> _Assignment_: Copy nothing but the lines below, from the one with "OPEN-MINDED T-Shirt Reflection" through the one with "デイペイレンタル｜DAYPAY RENTALのカメラレンタルで取扱うSony FE", exactly as written; no pictures should appear.

> _Data listing_:
*** Block opens ***

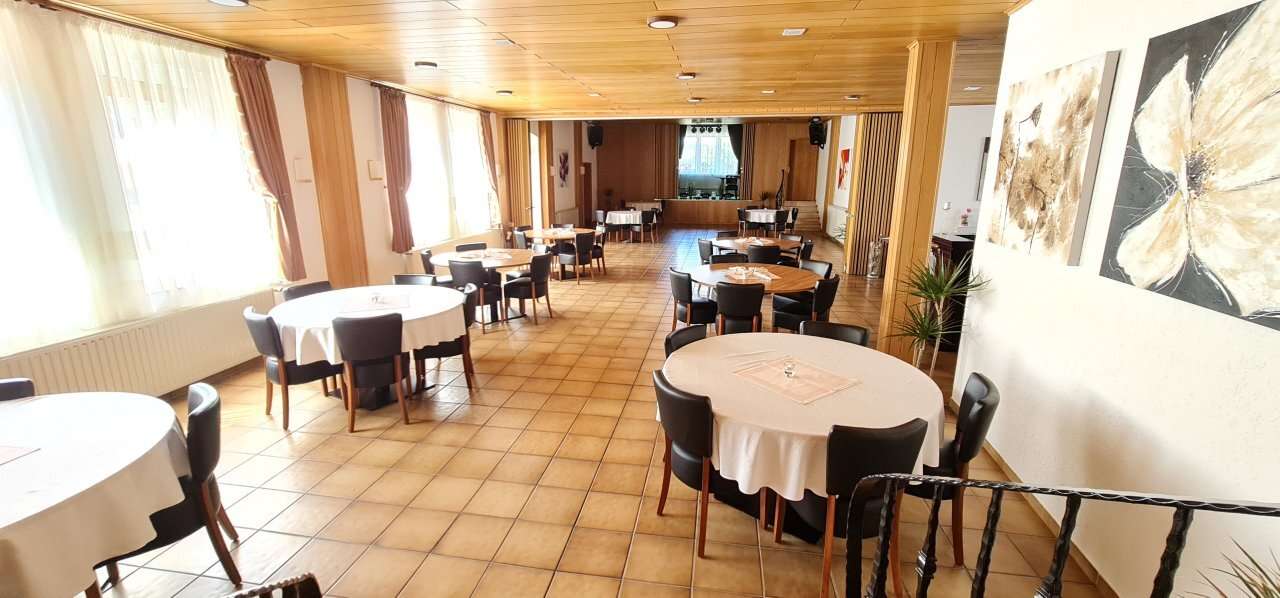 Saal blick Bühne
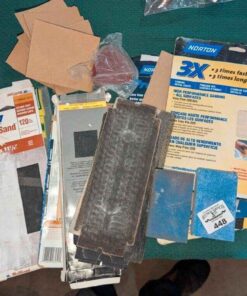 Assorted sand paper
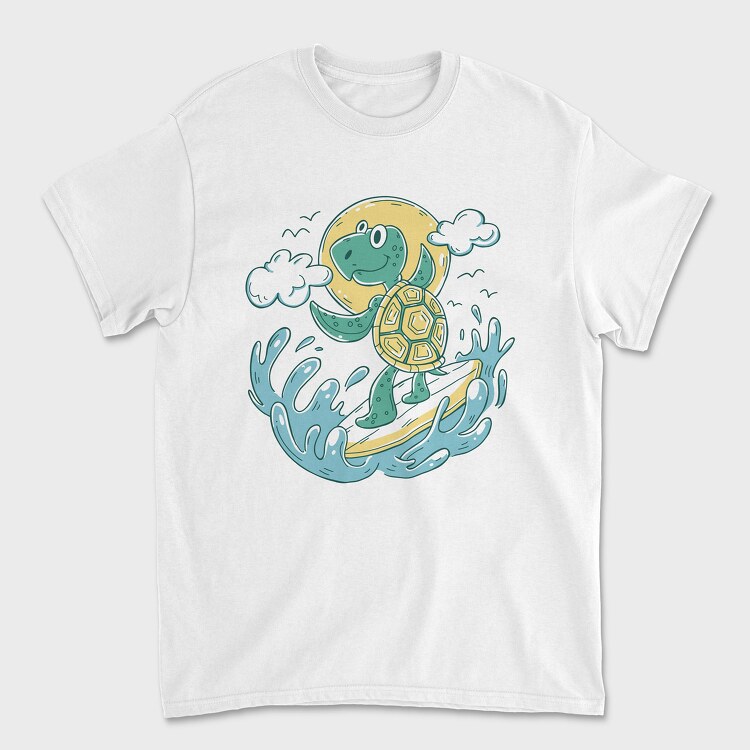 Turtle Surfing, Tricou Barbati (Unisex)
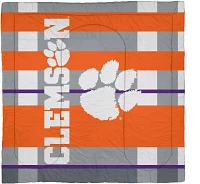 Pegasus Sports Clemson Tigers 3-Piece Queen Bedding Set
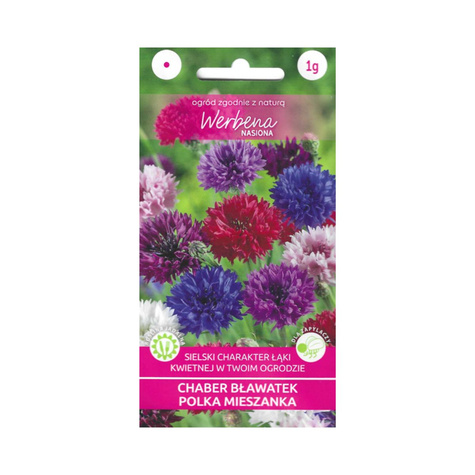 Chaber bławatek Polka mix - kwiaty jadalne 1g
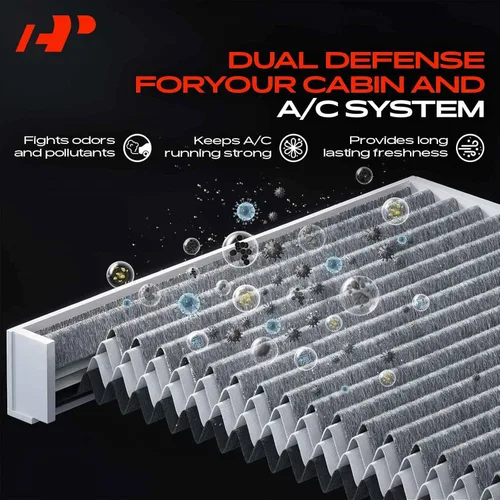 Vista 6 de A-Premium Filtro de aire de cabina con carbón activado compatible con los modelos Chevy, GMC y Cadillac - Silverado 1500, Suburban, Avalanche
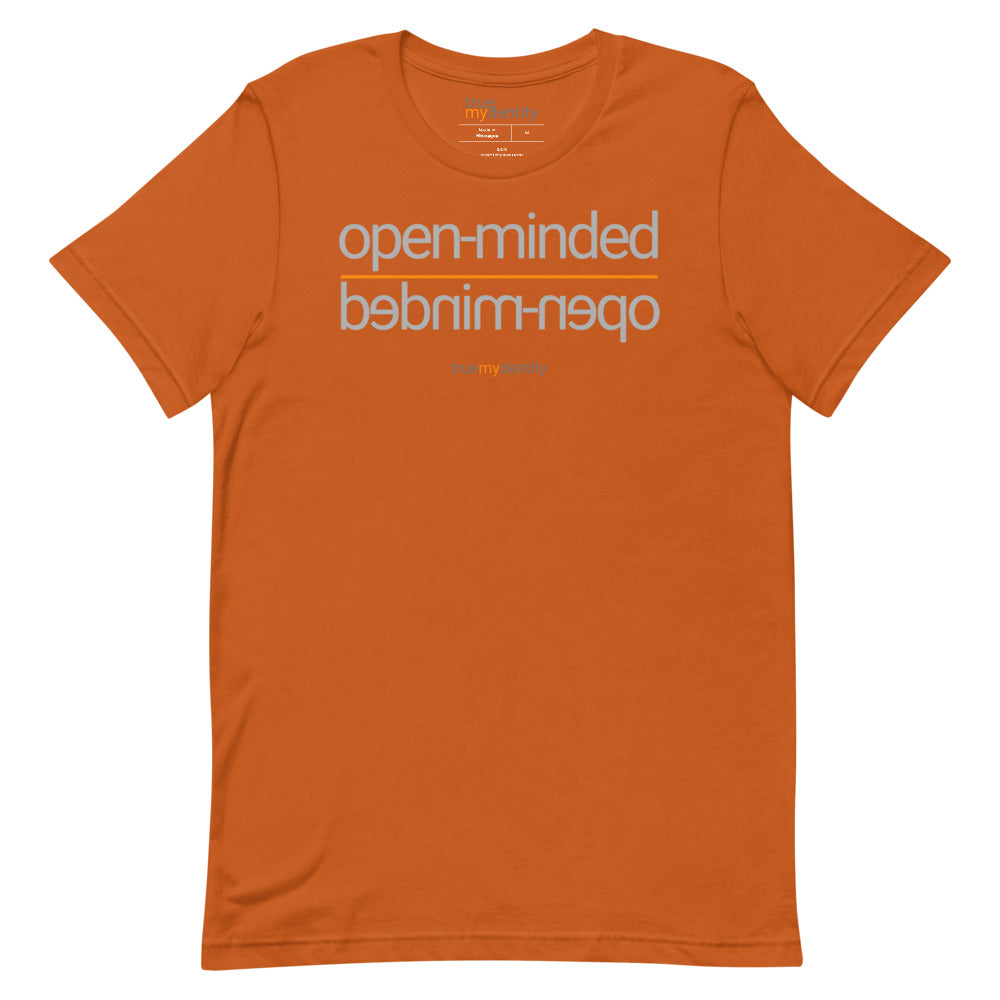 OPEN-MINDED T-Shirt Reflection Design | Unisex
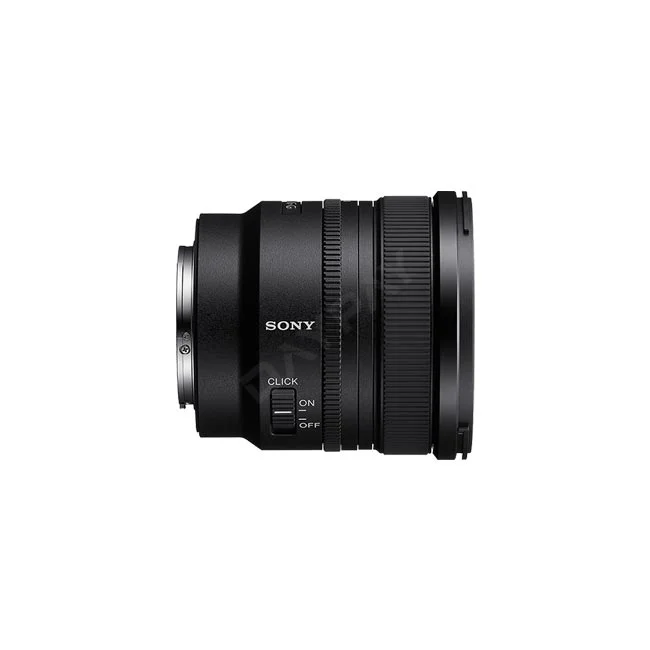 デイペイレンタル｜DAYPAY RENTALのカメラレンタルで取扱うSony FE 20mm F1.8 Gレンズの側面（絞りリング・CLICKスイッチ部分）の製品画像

*** Block closes ***
*** Block opens ***

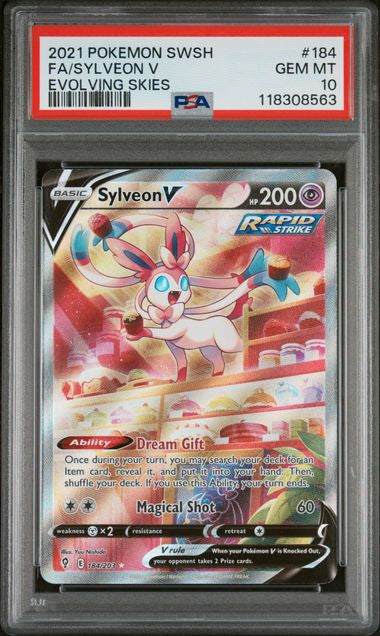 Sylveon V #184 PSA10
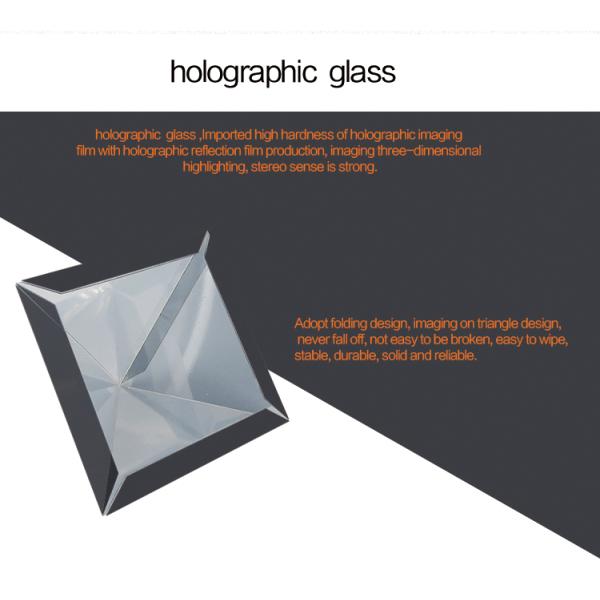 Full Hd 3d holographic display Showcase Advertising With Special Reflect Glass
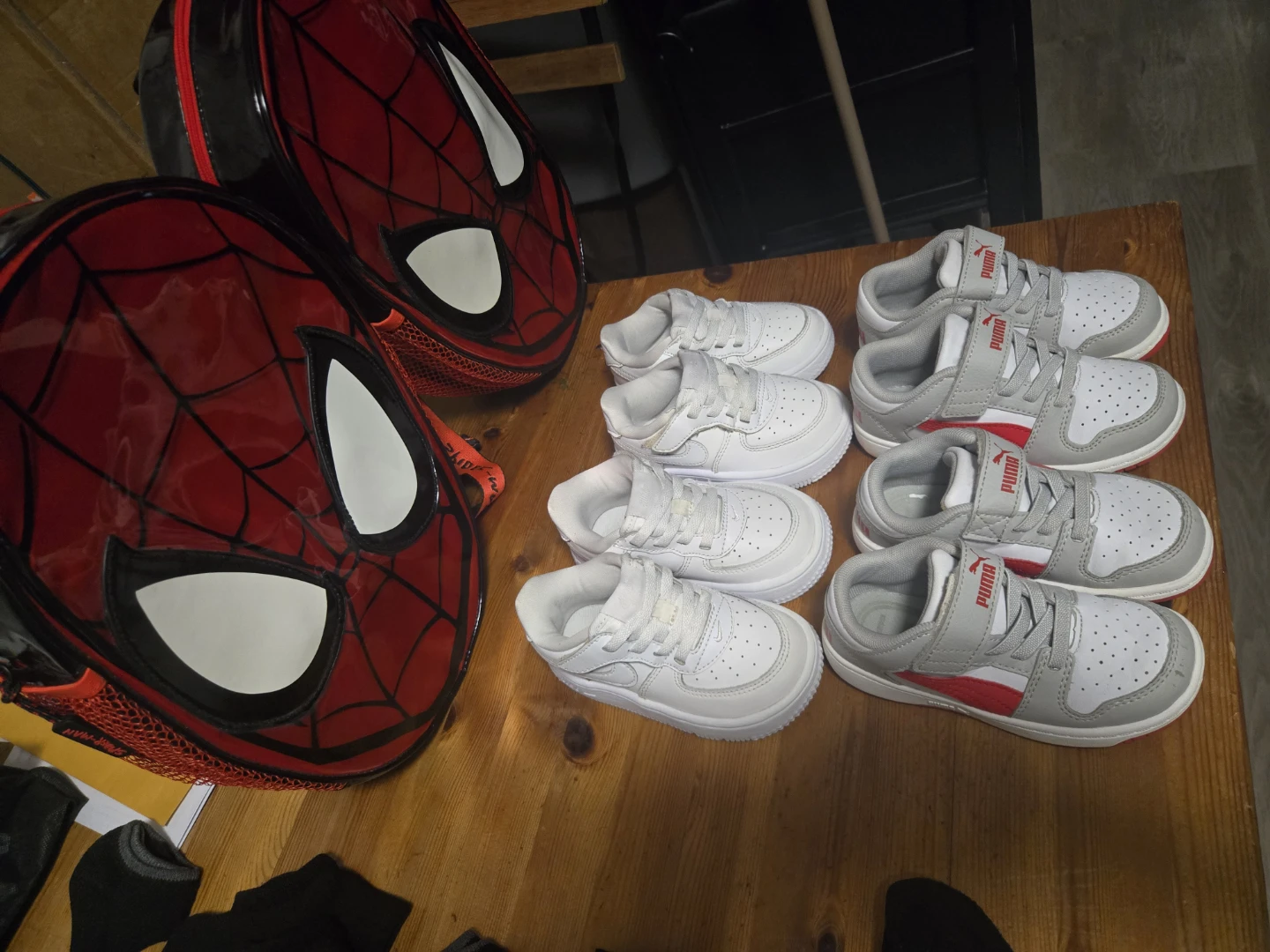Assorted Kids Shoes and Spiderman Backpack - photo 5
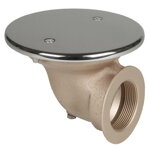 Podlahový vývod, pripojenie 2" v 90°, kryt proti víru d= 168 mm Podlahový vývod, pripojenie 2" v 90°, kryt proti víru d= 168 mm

*** Block closes ***
*** Block opens ***

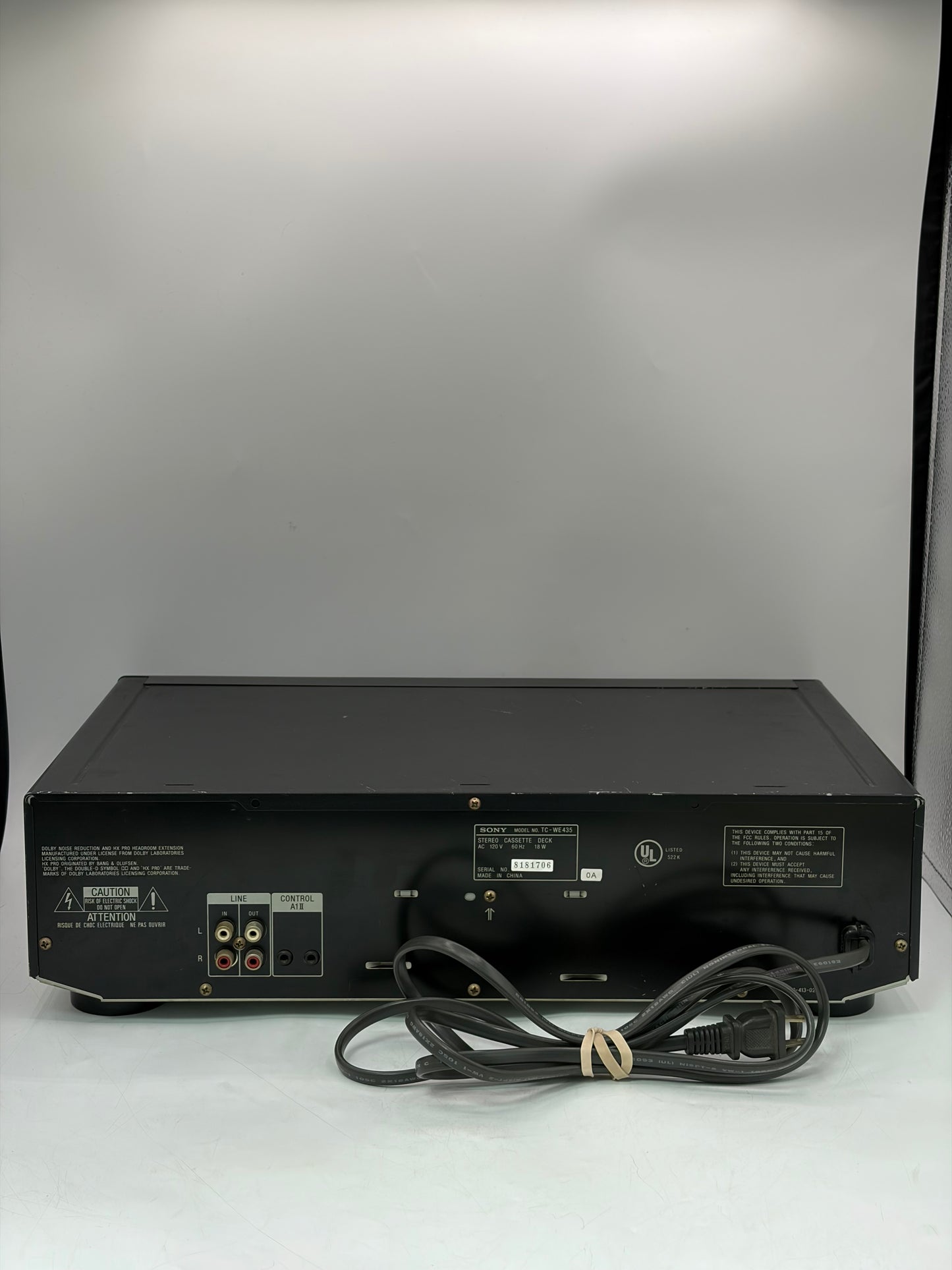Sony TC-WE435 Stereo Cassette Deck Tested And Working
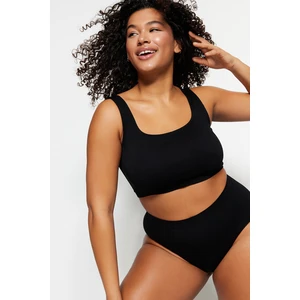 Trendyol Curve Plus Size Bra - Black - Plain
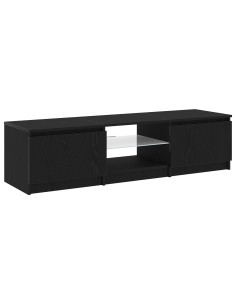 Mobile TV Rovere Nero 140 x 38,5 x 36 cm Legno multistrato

*** Block closes ***

> _Response to the exercise_:
 OPEN-MINDED T-Shirt Reflection Design | Unisex
 デイペイレンタル｜DAYPAY RENTALのカメラレンタルで取扱うSony FE 20mm F1.8 Gレンズの側面（絞りリング・CLICKスイッチ部分）の製品画像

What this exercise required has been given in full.